The result was presented in April at the International Conference on Learning Representations in Rio de Janeiro by a team at MIT's Laboratory for Information and Decision Systems. In their OpenReview paper, Gabriele Farina, Constantinos Daskalakis, Yeshwanth Cherapanamjeri, and Sobhan Mohammadpour prove that pairwise comparisons cannot recover the correlation structure of preferences across a population, while ordered three-way rankings can. Cherapanamjeri is now at Nanyang Technological University in Singapore. Farina is principal investigator at MIT LIDS and core faculty in the Operations Research Center. Daskalakis holds the Avanessians Professorship and is a member of CSAIL.
The proof builds on L. L. Thurstone's 1927 "A law of comparative judgment," the foundation of random utility models. Standard random-utility estimation assumes that the utilities people assign to options are independent. In real populations that assumption collapses immediately. A voter who favors gun control is far more likely to also favor childcare subsidies than the independence model would predict, and the correlation carries information about both policy positions at once. Pairwise comparisons, the team shows, are provably blind to that correlation. The information is not just hard to extract from pairs. It is not there to extract.

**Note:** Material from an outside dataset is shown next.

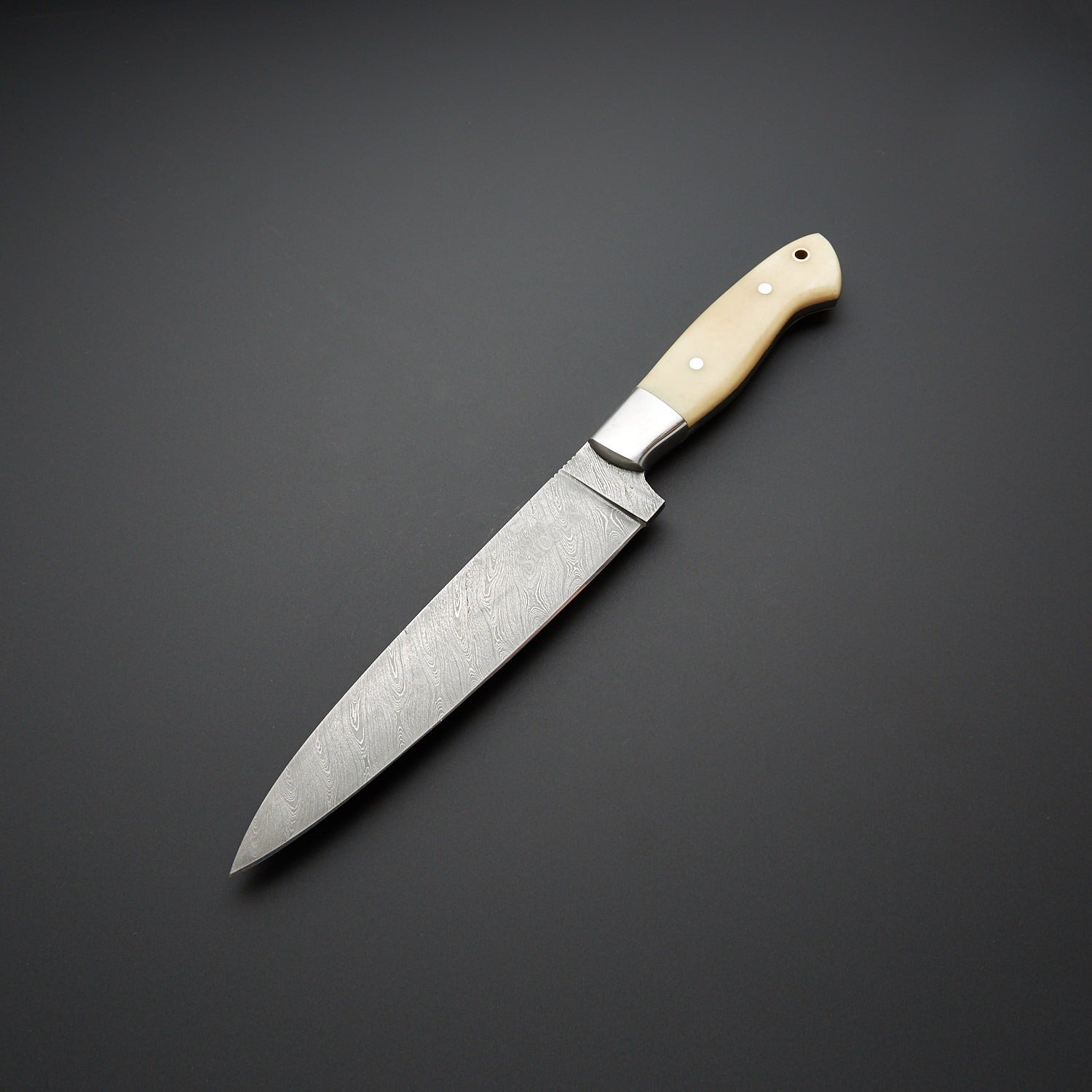 Premium Twist Damascus Santoku Chef Knife 7.25 Razor Sharp Bone Handle Pro Kitchen Essential USA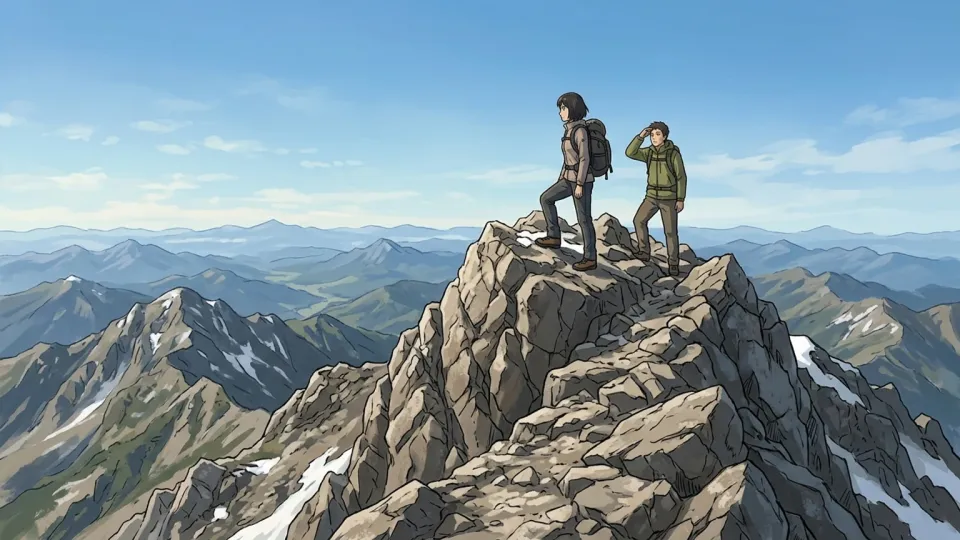 山の頂上に到着した登山者たち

The team's algorithm recovers the structure from triples without an experiment count that grows exponentially with catalog size, which is the practical reason the result is more than a curiosity. Anyone who runs a stated-preference survey, an A/B test inside a recommender system, or a policy consultation that asks residents to weigh trade-offs has a concrete design lever available. The question changes from "which of these two do you prefer?" to "rank these three from most to least preferred."
The reach extends further than survey design. Daskalakis told Steve Nadis at MIT News that the framework has direct implications for the human-ranking pipelines used to align large language models. Reinforcement learning from human feedback, the technique that turns ranked human preferences into a reward signal for model fine-tuning, is at its core an exercise in fitting a random utility model to ranked outputs. Better data collection at the top of the pipeline means better alignment at the bottom. Emma Frejinger, a computer scientist at the Université de Montréal who was not involved in the paper, called the result "a crucial breakthrough" in the same article, and said it provides "a highly practical roadmap for collecting better data."
The cost is real, and it belongs in the same sentence as the guarantee. Triple comparisons take longer per respondent, are cognitively harder, and are easier to design badly. A poorly chosen triple can anchor respondents, introduce ordering effects, or simply exhaust them, and the proof does not insulate any of those failure modes. The mathematics guarantee that the information is recoverable in principle. They do not promise that a given triple-comparison survey will recover it well, and survey designers will still need to choose their stimuli, their respondent pools, and their estimation pipelines carefully.
What to watch next is whether the algorithm moves out of the ICLR paper and into off-the-shelf tooling for the preference-modeling and RLHF communities, and whether large-scale preference data collectors begin to fold triple-comparison questions into their pipelines as a routine complement to pairwise ones. The MIT team has handed the field a target. The rest of the work is still on the field.